Data under study >>
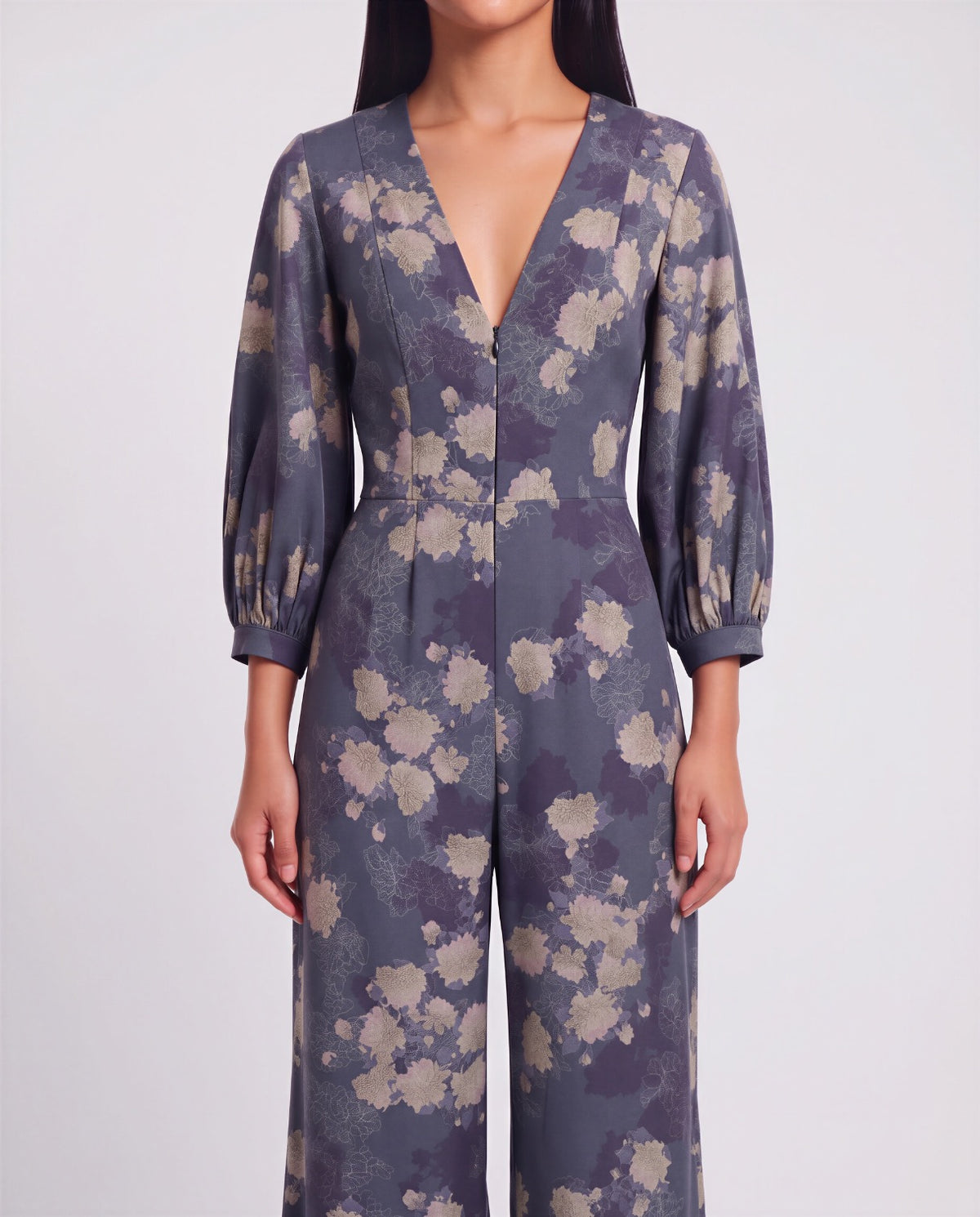 JILL LANS FLORAL BLACK WOMEN'S STRETCH TENCEL JUMPSUIT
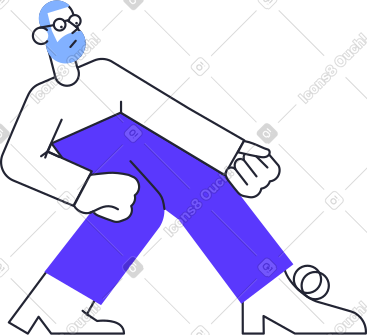 Bearded man in blue pants is pulling something PNG, SVG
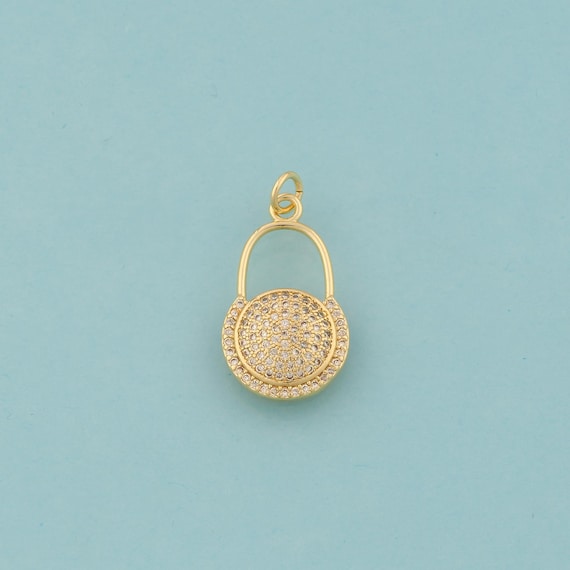 Gold CZ Lock Charms,Round Jewelry,Lock Pendant for DIY Jewelry Making,18K Gold
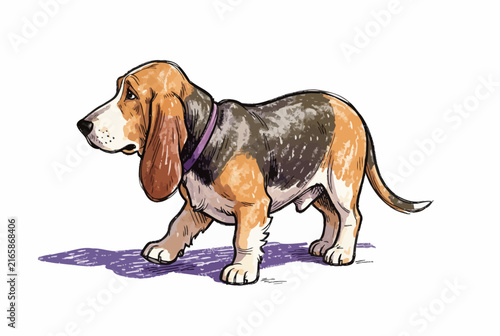 Watercolor Dachshund Dog Side View Illustration.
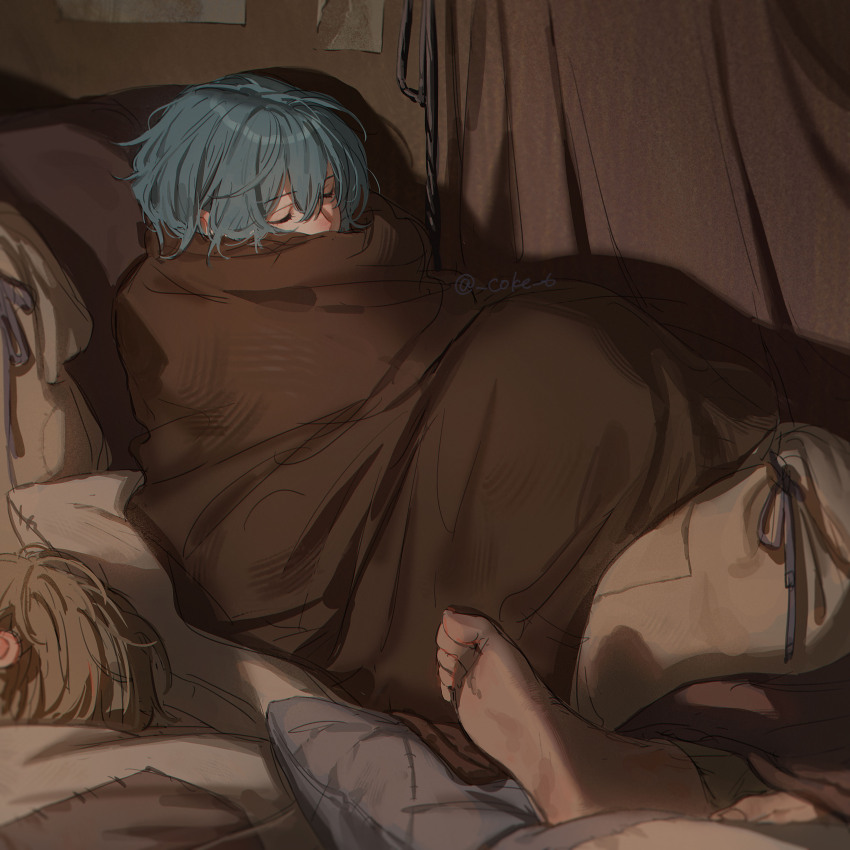 1boy absurdres aqua_hair bag blush closed_eyes coke_6 covered_mouth feet full_body hair_between_eyes highres mahoutsukai_no_yakusoku male_focus medium_hair nero_turner nose_blush rope sleeping solo_focus under_covers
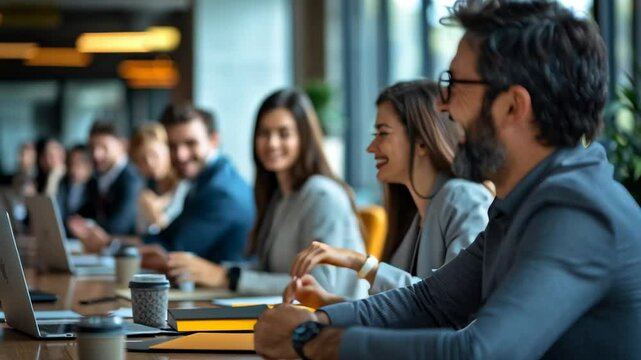  A confident business leader standing at the head of a table, leading a discussion with a small team in a modern office, engaged colleagues, charts and reports on the table
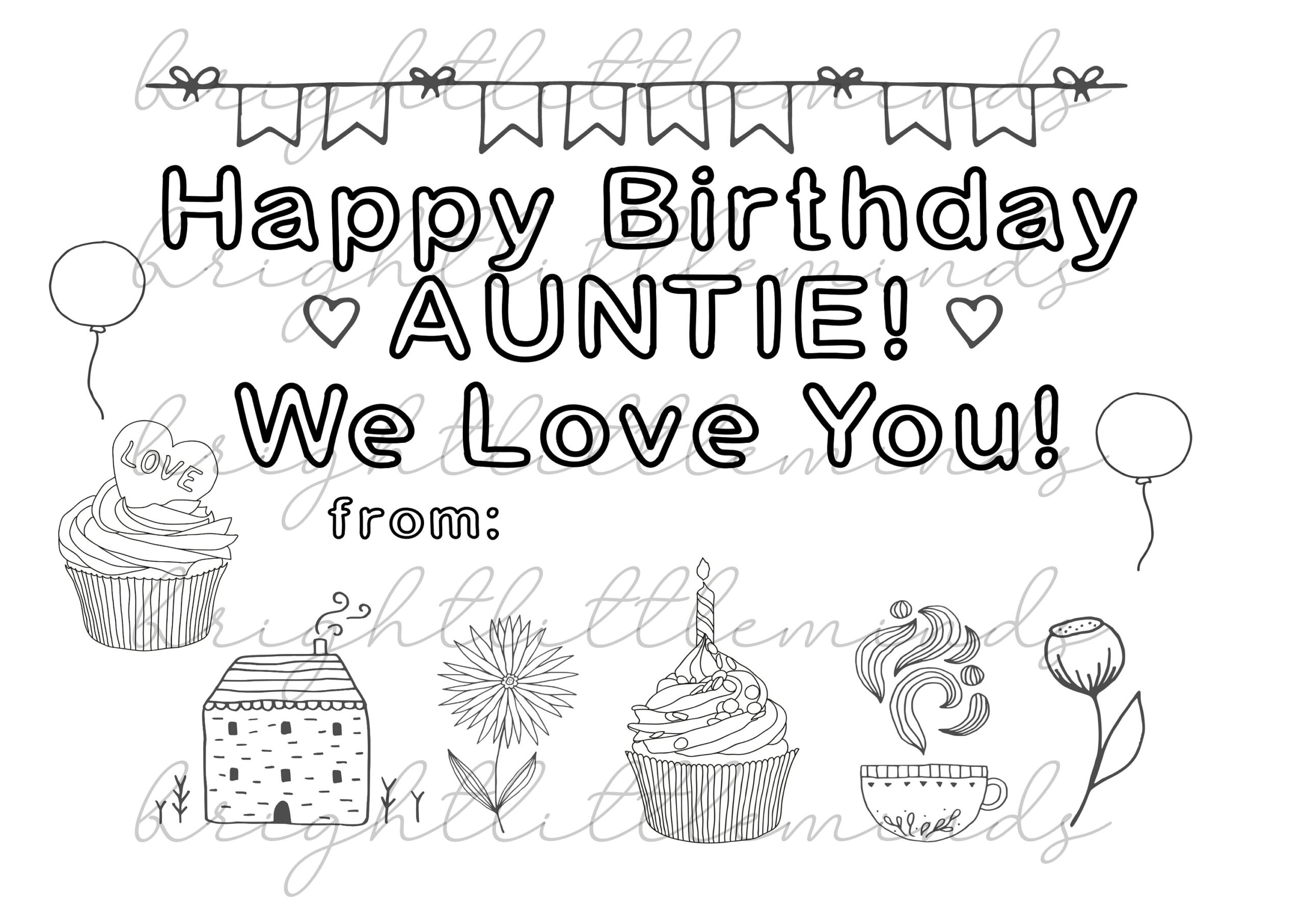 Instant Download Printable Happy Birthday Auntie DIY Kids Activity Coloring Gift Fun Card Made By Kids Letter A4 PDF Etsy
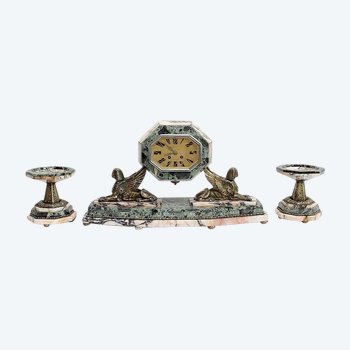  Marble and Bronze Mantel Set, Art Deco - 1940
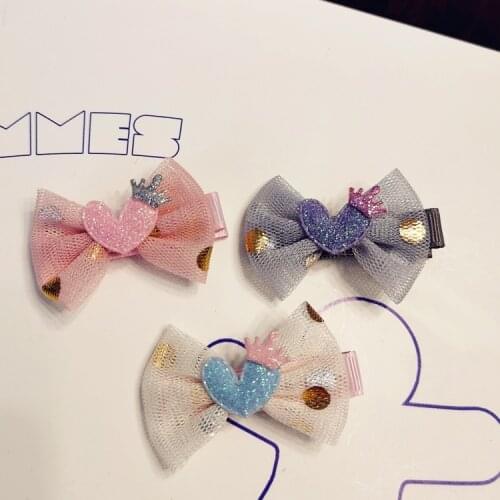 Boutique 15pcs Fashion Cute Glitter Tiaras Heart Mesh Bow Hairpins Gauze Bowknot Hair Clips Princess Headwear Hair Accessories
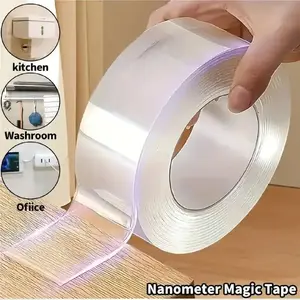 Strong Nano Double Sided Tape Transparent Reusable Washable Traceless Waterproof Heat-Resistant Adhesive Tape for Home Kitchen Car Office & DIY Use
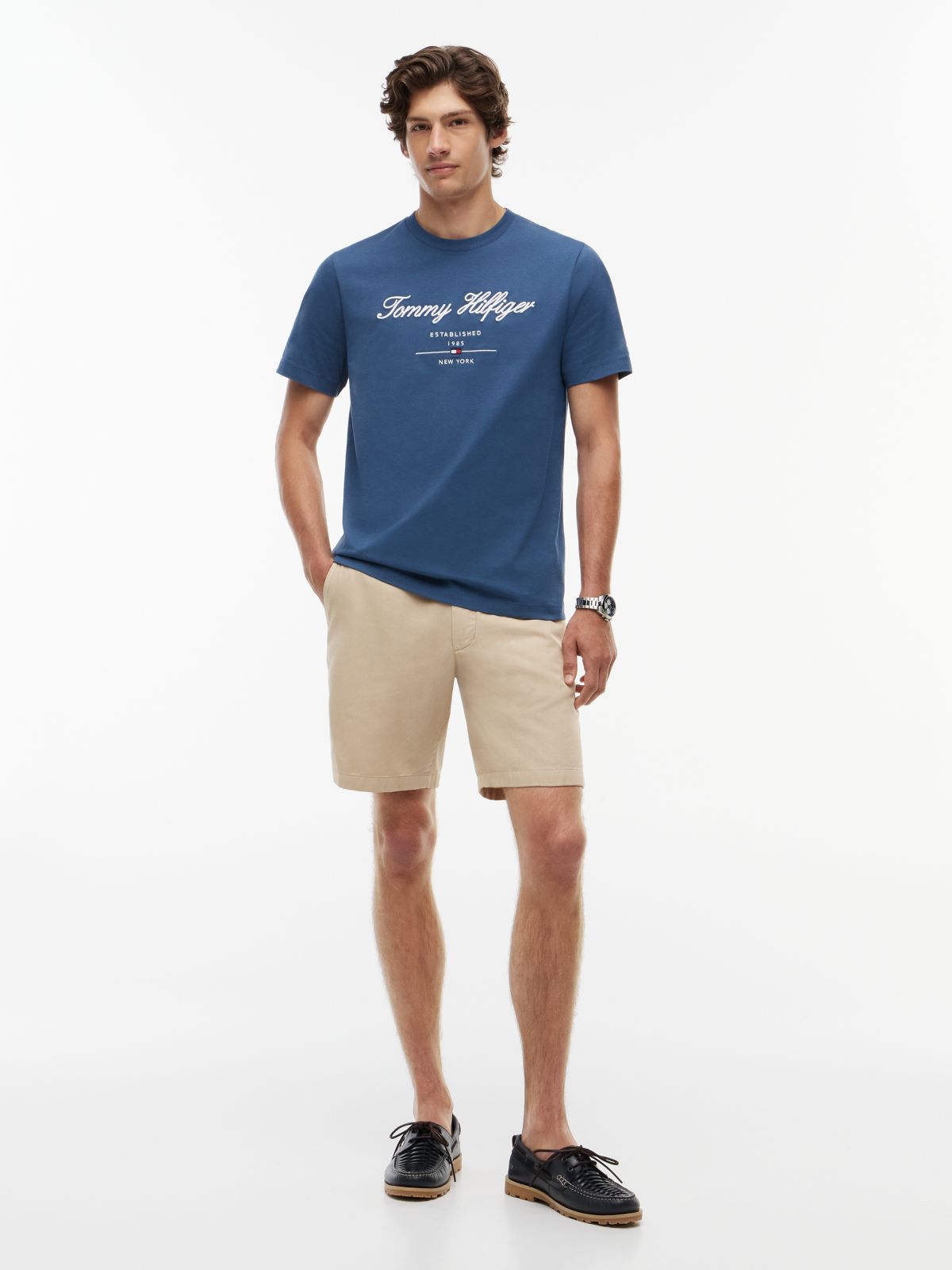 Textured Logo Jersey T-Shirt — Blue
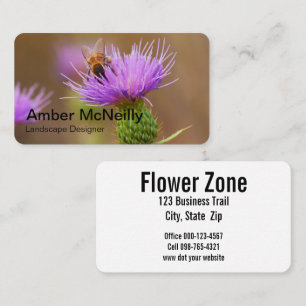 Busy Bee On Purple Thistle Horizontal Format Business Card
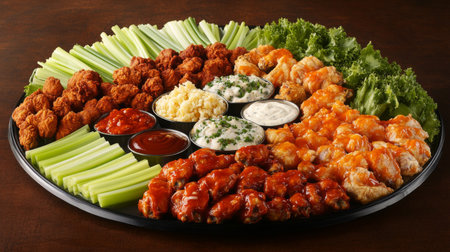 A beautifully arranged platter of chicken wings coated in various sauces, including buffalo and barbecue, accompanied by celery sticks and dipping sauceの素材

Task item >> Restate the data above verbatim, skipping every image.

Task output >>
 JILL LANS FLORAL BLACK WOMEN'S STRETCH TENCEL JUMPSUIT
 Bearded man in blue pants is pulling something PNG, SVG
 Gold CZ Lock Charms,Round Jewelry,Lock Pendant for DIY Jewelry Making,18K Gold
 Watercolor Dachshund Dog Side View Illustration.
 1boy absurdres aqua_hair bag blush closed_eyes coke_6 covered_mouth feet full_body hair_between_eyes highres mahoutsukai_no_yakusoku male_focus medium_hair nero_turner nose_blush rope sleeping solo_focus under_covers
  A confident business leader standing at the head of a table, leading a discussion with a small team in a modern office, engaged colleagues, charts and reports on the table
 Instant Download Printable Happy Birthday Auntie DIY Kids Activity Coloring Gift Fun Card Made By Kids Letter A4 PDF Etsy
  Marble and Bronze Mantel Set, Art Deco - 1940
 Boutique 15pcs Fashion Cute Glitter Tiaras Heart Mesh Bow Hairpins Gauze Bowknot Hair Clips Princess Headwear Hair Accessories
 Strong Nano Double Sided Tape Transparent Reusable Washable Traceless Waterproof Heat-Resistant Adhesive Tape for Home Kitchen Car Office & DIY Use
 Textured Logo Jersey T-Shirt — Blue
 Busy Bee On Purple Thistle Horizontal Format Business Card
 A beautifully arranged platter of chicken wings coated in various sauces, including buffalo and barbecue, accompanied by celery sticks and dipping sauceの素材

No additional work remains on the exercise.